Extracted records
>>>>

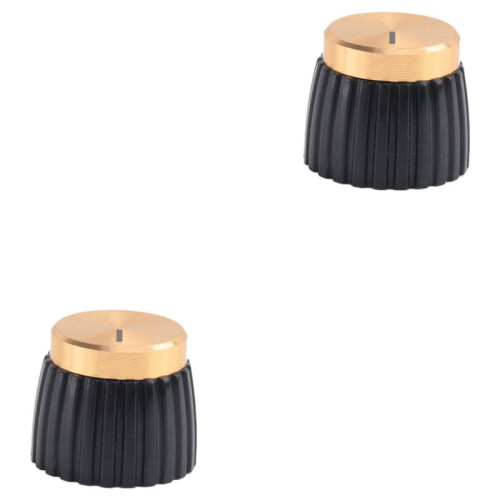 40x Guitar AMP Amplifier Knobs Push- Black+Gold Cap for  Amplifier 2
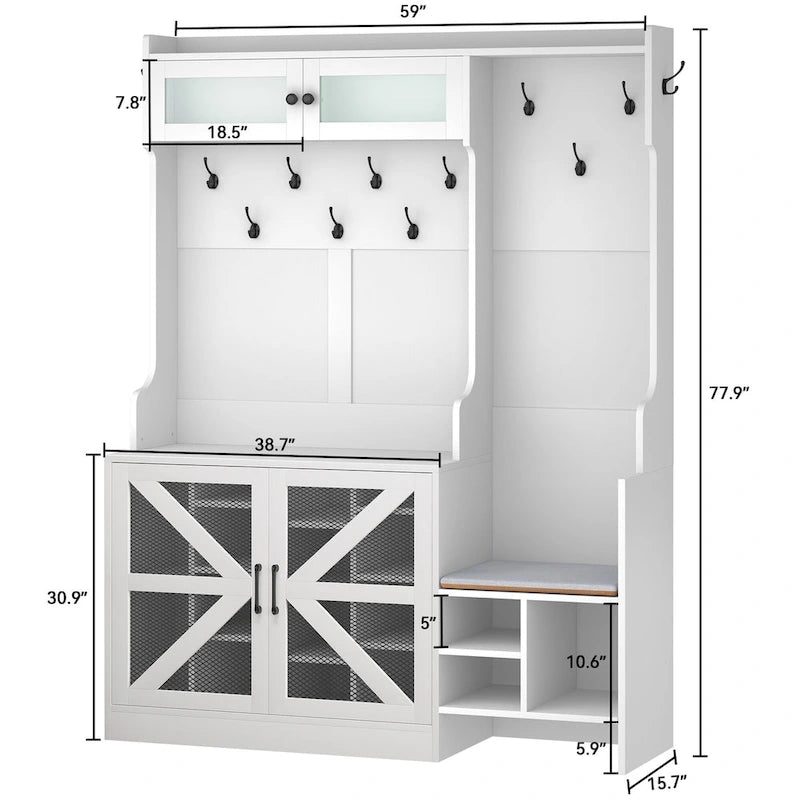 Moasis 77.9 Farmhouse Hall Tree Entryway Bench - 59 Lx 15.7W x 77.9H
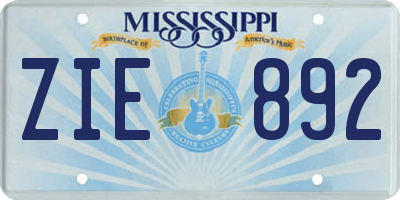 MS license plate ZIE892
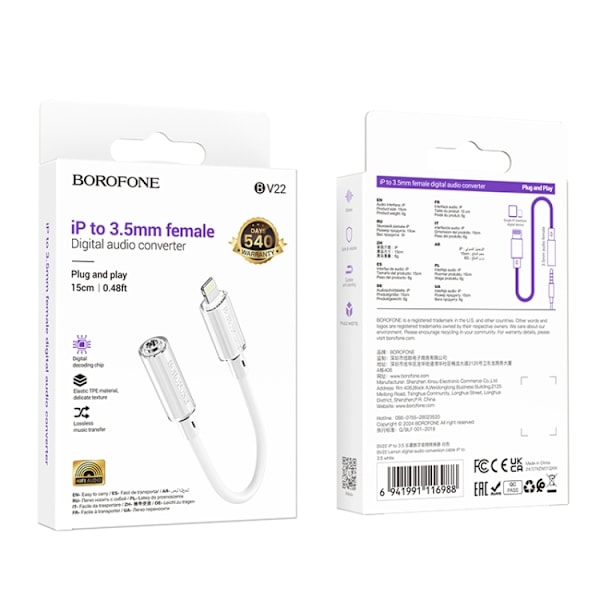 Borofone Ljudadapter Lightning till 3,5mm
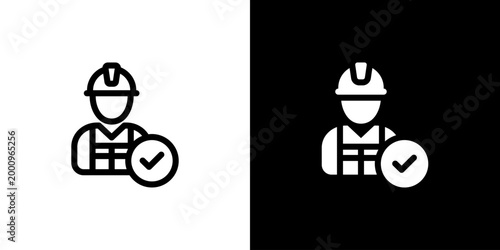 Safe Behavior icon concept with flat Black White Background. Vector illustration.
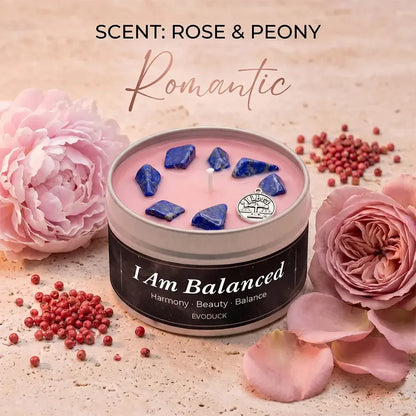 Libra Candle I Am Balanced with pink peony flowers, rose petals and pink peppercorns - Scent Rose and Peony, Romantic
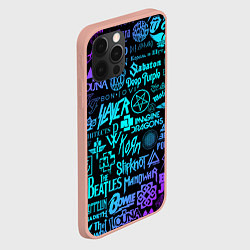 Чехол для iPhone 12 Pro Max ЛОГОТИПЫ РОК ГРУПП, цвет: 3D-светло-розовый — фото 2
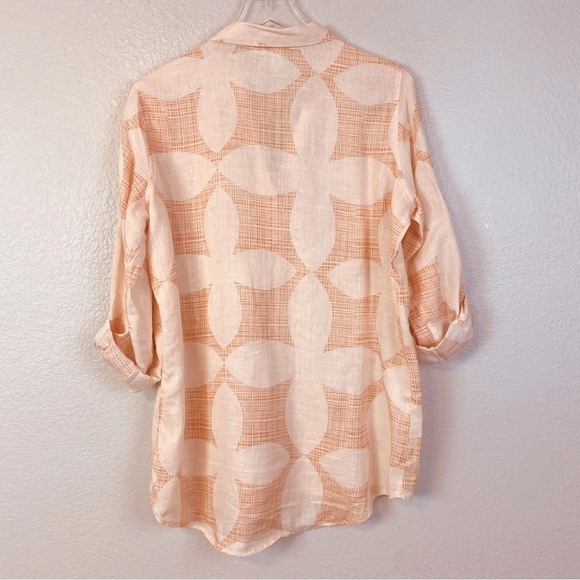Joie Linen Button Up Peach Print Blou Size M - Picture 2 of 5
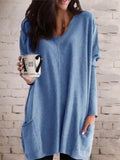 Einfarbiges Langarmshirt mit Taschen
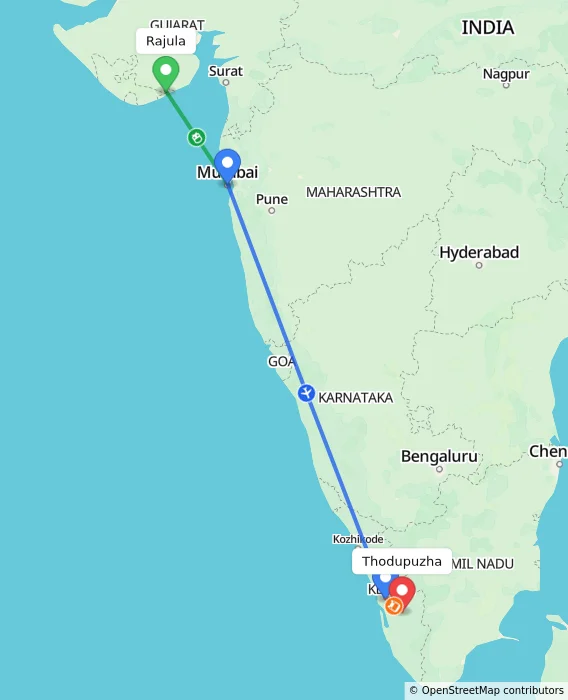 Route map showing distance and travel time from Rajula, India to Thodupuzha, India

<<<<

The copy should hold exactly the lines from the one containing "Moasis 77.9 Farmhouse" through the final line of the records above, both ends included, and no picture.

 Moasis 77.9 Farmhouse Hall Tree Entryway Bench - 59 Lx 15.7W x 77.9H
 MS license plate ZIE892
 Borofone Ljudadapter Lightning till 3,5mm
 Safe Behavior icon concept with flat Black White Background. Vector illustration.
 Libra Candle I Am Balanced with pink peony flowers, rose petals and pink peppercorns - Scent Rose and Peony, Romantic
 Чехол для iPhone 12 Pro Max ЛОГОТИПЫ РОК ГРУПП, цвет: 3D-светло-розовый — фото 2
Joie Linen Button Up Peach Print Blou Size M - Picture 2 of 5
 Einfarbiges Langarmshirt mit Taschen
 Route map showing distance and travel time from Rajula, India to Thodupuzha, India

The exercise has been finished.